__WHAT YOU NEED TO DO__
Type the data below again exactly. Omit all pictures.

Short descriptive text snippets
BEGIN

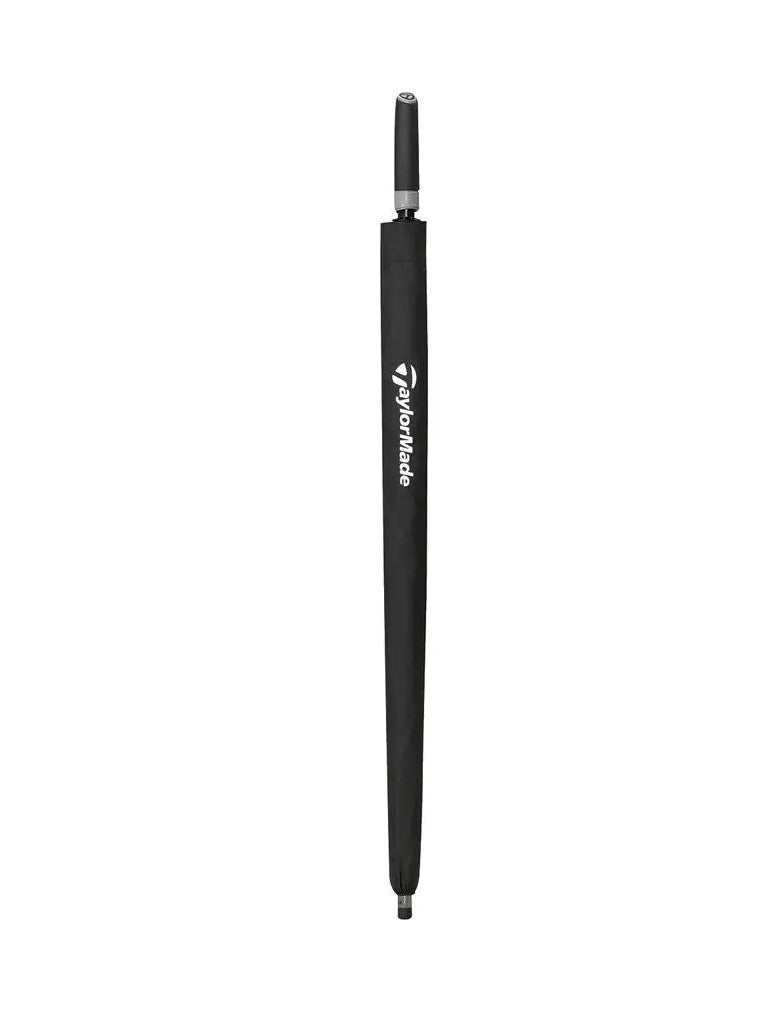 TaylorMade Tour 64' Double Canopy Umbrella - Black/White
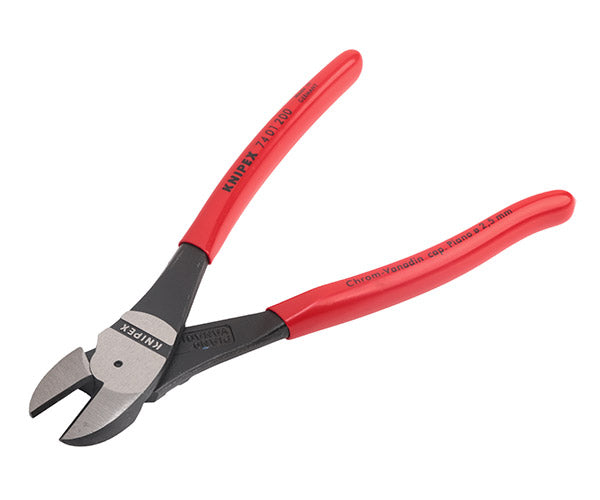 KNIPEX 7401-200 強力型斜ニッパー(硬線用) (SB) クニペックス 工具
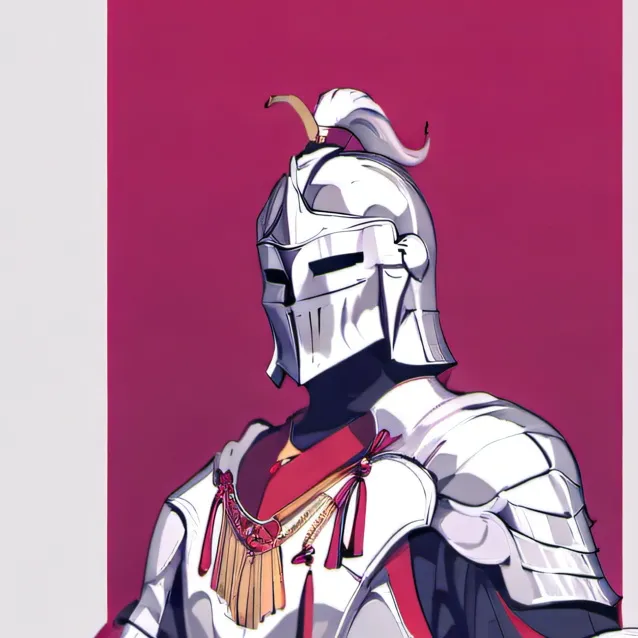 chat with ai character: knight
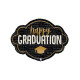 36 inch Happy Graduation Frame Foil balloon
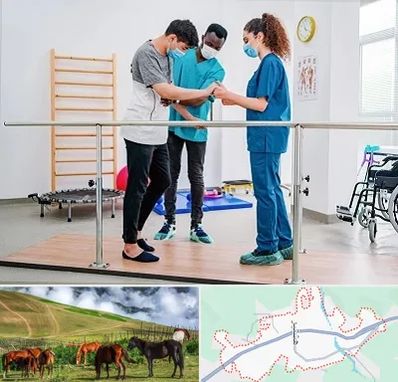 کلینیک کار درمانی در تالش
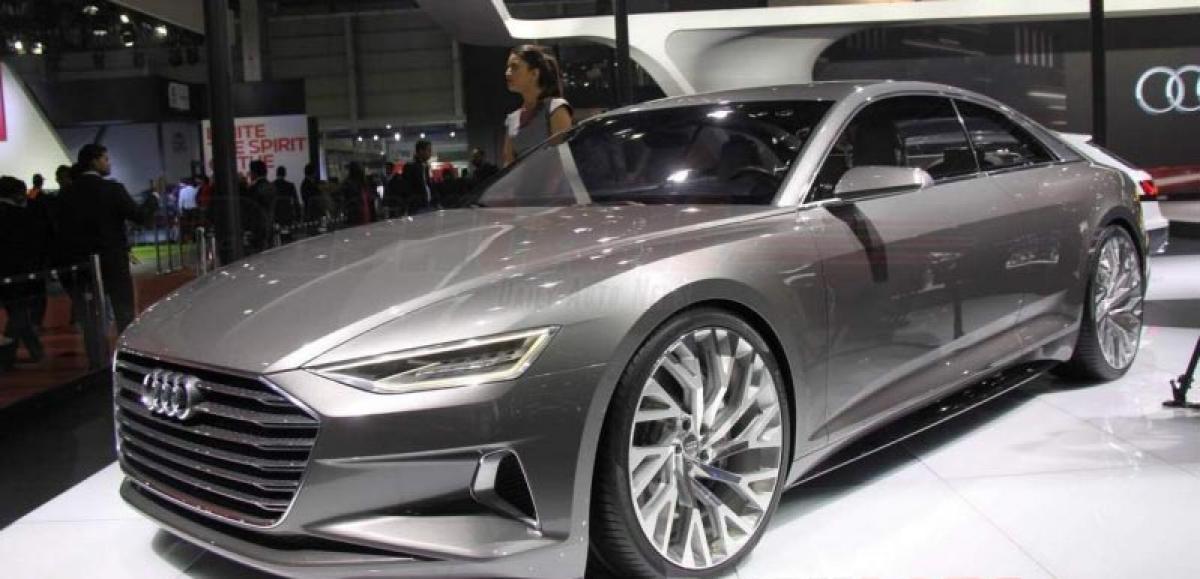 Audi prologue concept features Auto Expo 2016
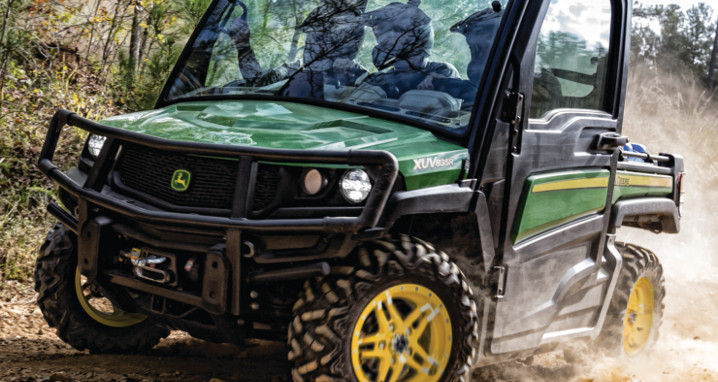 Gators And Side-By-Sides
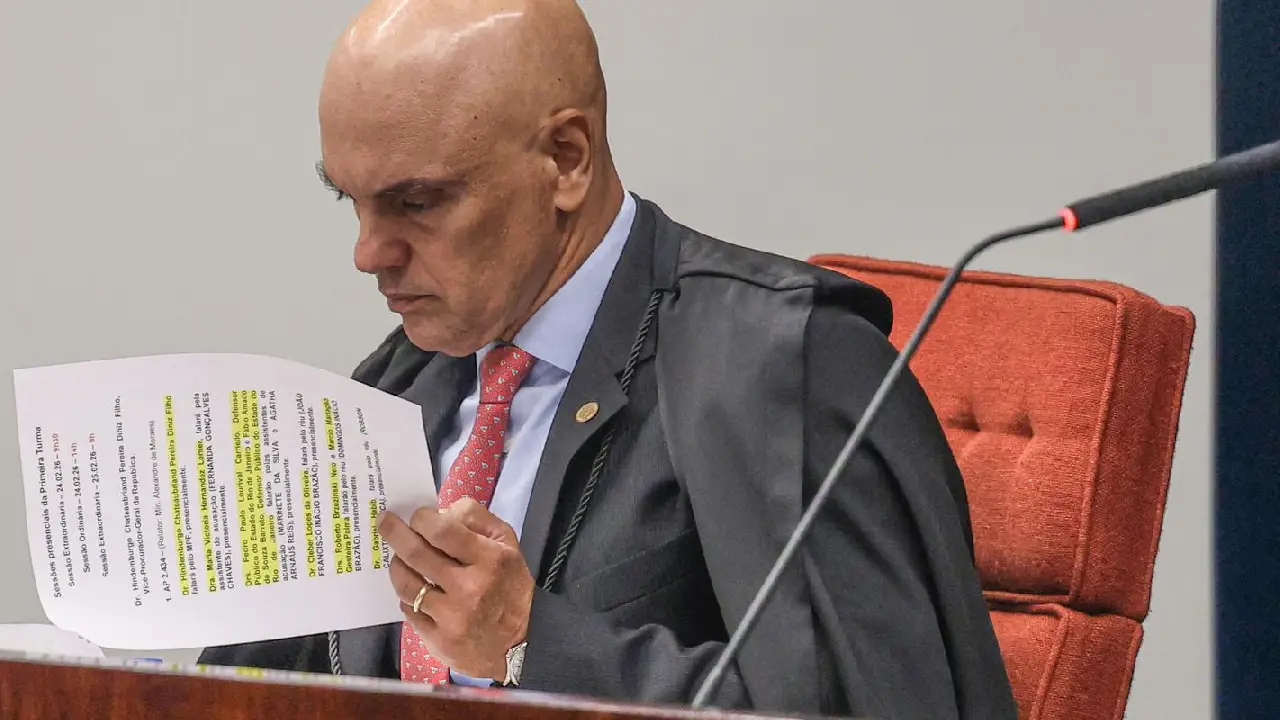Moraes cobra ação do governo brasileiro para extradição de Zambelli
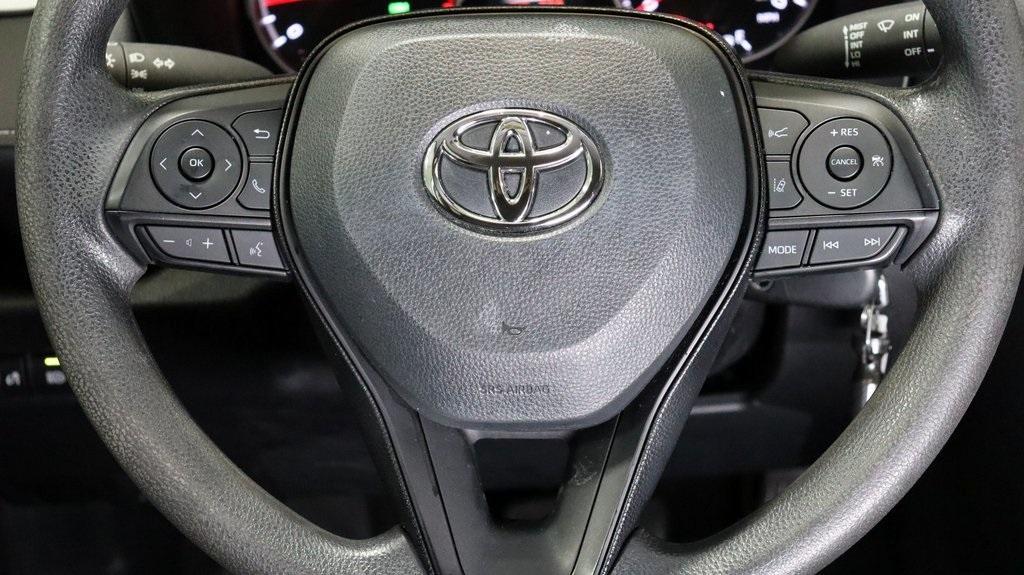 used 2021 Toyota RAV4 car, priced at $24,175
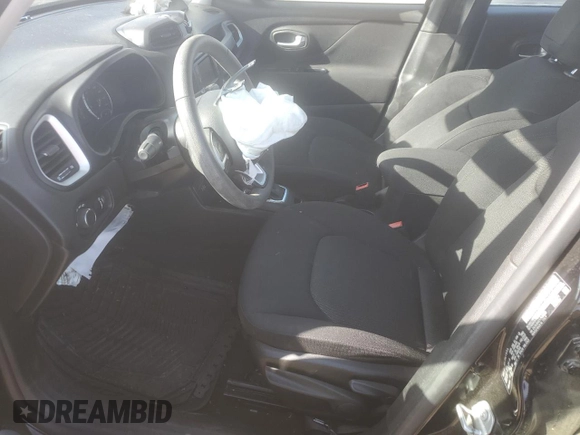 2020 Jeep Renegade Jeepster z VIN ZACNJBAB7LPL64488, wystawiony jako Copart lot #52638755 z przebiegiem 46 301 mil mil oraz Szkoda całkowita • Salvage title. Historia ofert i sprzedaży dostępna na DreamBid. Obrazek 7.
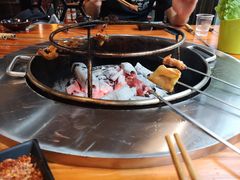-炭虎子水浒烤肉(梦时代店)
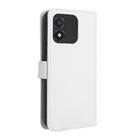 For Honor X5 Diamond Texture Leather Phone Case(White) - 3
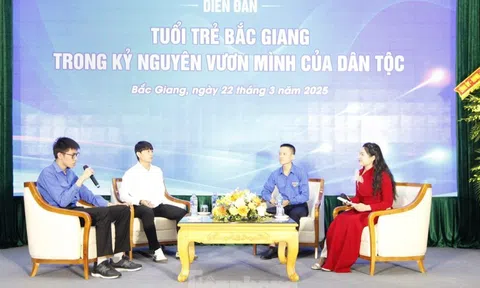 Diễn đàn tuổi trẻ Bắc Giang trong kỷ nguyên vươn mình của dân tộc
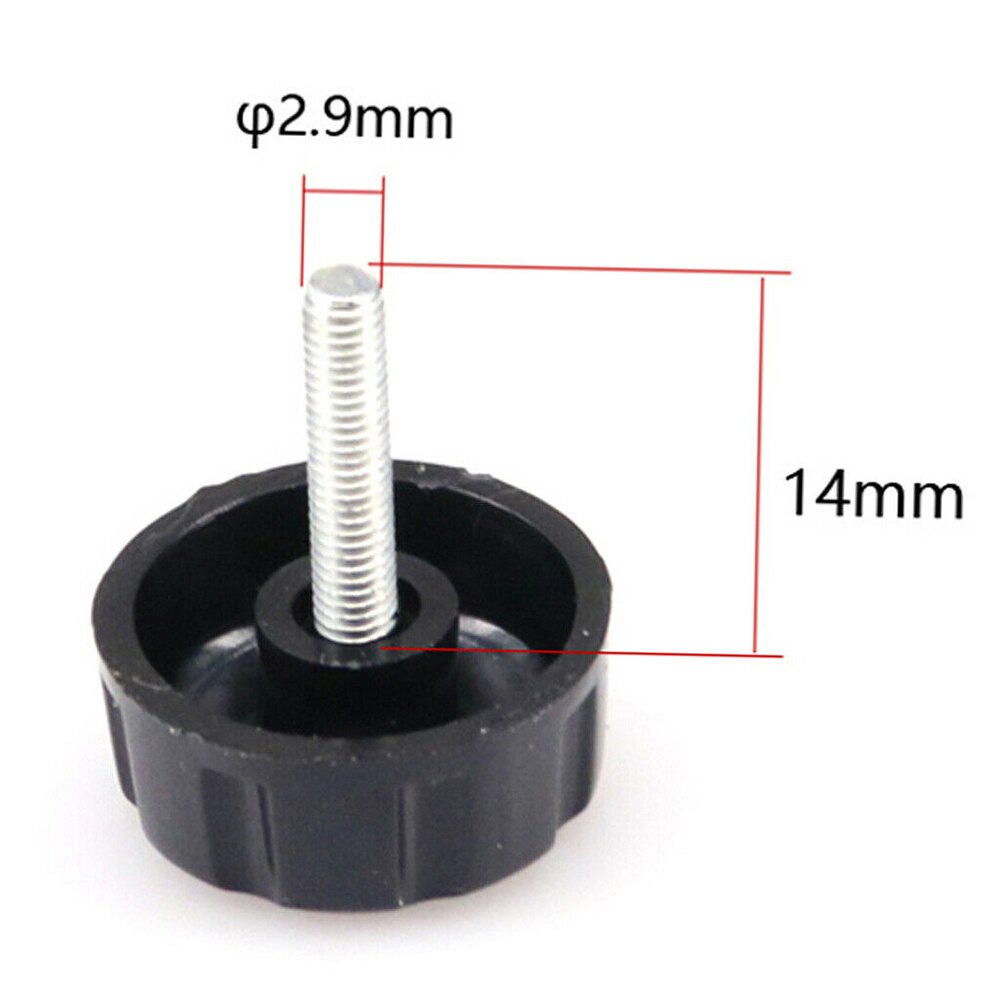 10pcs Spare Screws Nuts Fishing Wheel Spinning Reels Handle Rocker Screws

END

__SOLUTION FOR THIS TASK__
 TaylorMade Tour 64' Double Canopy Umbrella - Black/White
 KNIPEX 7401-200 強力型斜ニッパー(硬線用) (SB) クニペックス 工具
 chat with ai character: knight
 36 inch Happy Graduation Frame Foil balloon
 کلینیک کار درمانی در تالش
 Audi prologue concept features Auto Expo 2016
 Gators And Side-By-Sides
Moraes cobra ação do governo brasileiro para extradição de Zambelli
 used 2021 Toyota RAV4 car, priced at $24,175
 2020 Jeep Renegade Jeepster z VIN ZACNJBAB7LPL64488, wystawiony jako Copart lot #52638755 z przebiegiem 46 301 mil mil oraz Szkoda całkowita • Salvage title. Historia ofert i sprzedaży dostępna na DreamBid. Obrazek 7.
-炭虎子水浒烤肉(梦时代店)
 For Honor X5 Diamond Texture Leather Phone Case(White) - 3
 Diễn đàn tuổi trẻ Bắc Giang trong kỷ nguyên vươn mình của dân tộc
 10pcs Spare Screws Nuts Fishing Wheel Spinning Reels Handle Rocker Screws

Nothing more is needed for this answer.